Henry E. Quarles, Sr., Boston, for defendant Carita.

Albert L. Hutton, Jr., Boston, for defendant Lynch.

Lawrence L. Cameron, Asst. Dist. Atty., for the Commonwealth.

Before WILKINS, C.J., and SPALDING, WHITTEMORE, CUTTER, KIRK and REARDON, JJ. REARDON, Justice.

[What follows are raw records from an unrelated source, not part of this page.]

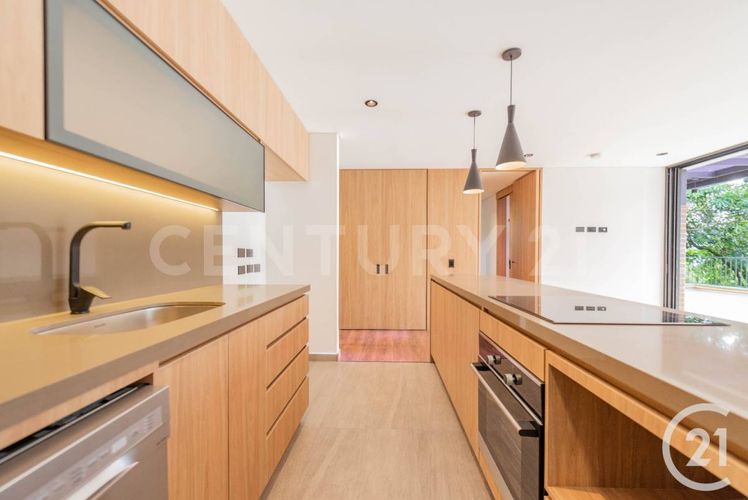 Apartamento de 2 alcobas en venta en Guaduales De La Abadia, Envigado, 229 m² · foto 2 de 23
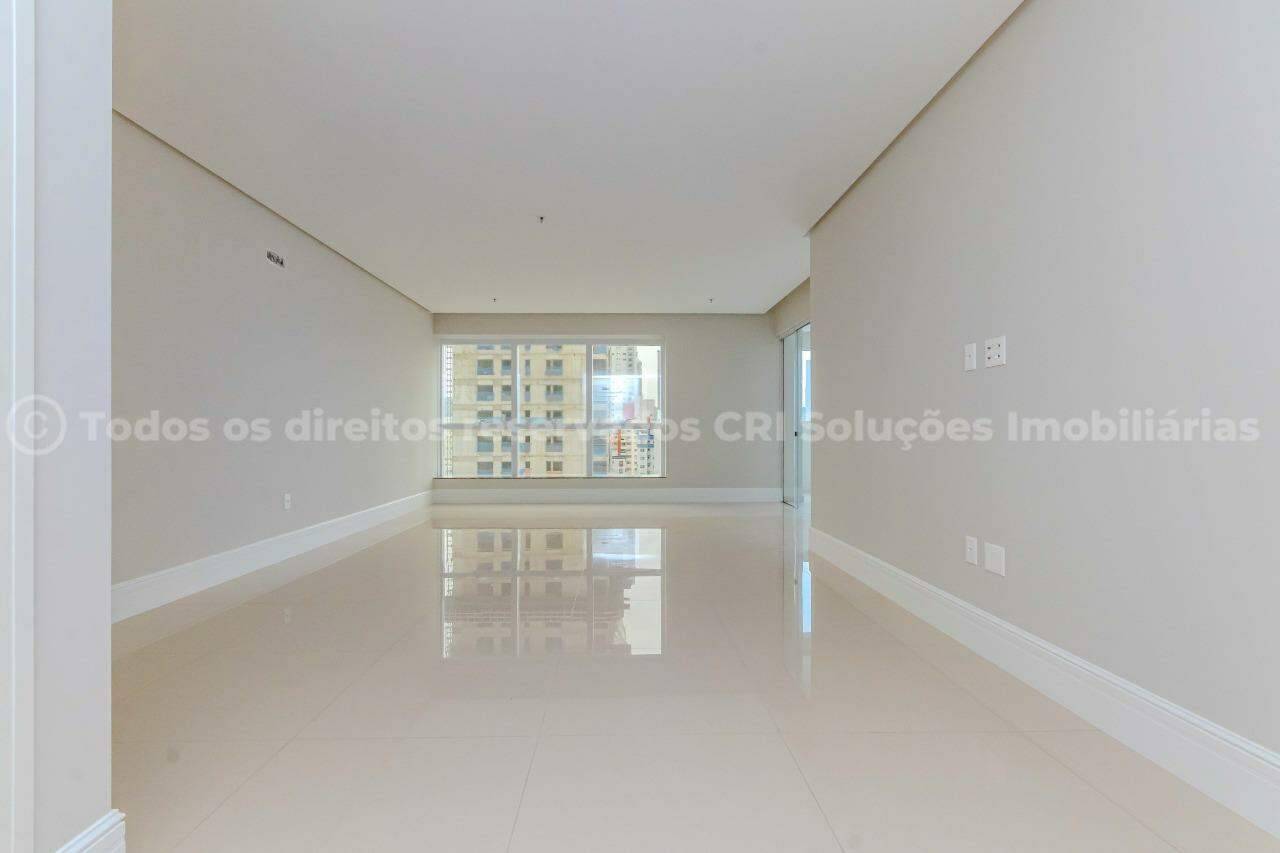 Foto do imóvel Apartamento com vista mar no La Belle Tour Residence com 4 suítes em Balneário Camboriú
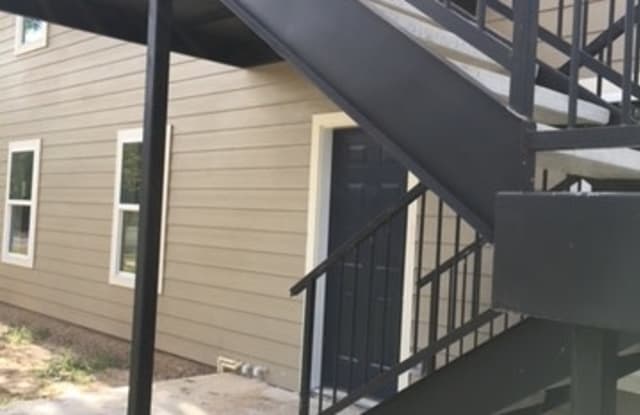 302 COOPER ST - 302 Cooper St, San Antonio, TX 78210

The defendants, David C. Carita, Sabatino A. Fondanova, Francis B. Lynch and Paul J. Wise, appeal under G.L. c. 278, §§ 33A--33G, as amended, their convictions on indictments charging them with murder in the first degree and armed robbery. The jury having in each case recommended that the death sentence be not imposed on the murder indictments, the defendants were sentenced to life imprisonment. On the indictments for armed robbery, sentences for terms of years were imposed to be served concurrently with the several sentences on the convictions for murder. The cases are before us on a summary of the record, a transcript of the evidence and assignments of error.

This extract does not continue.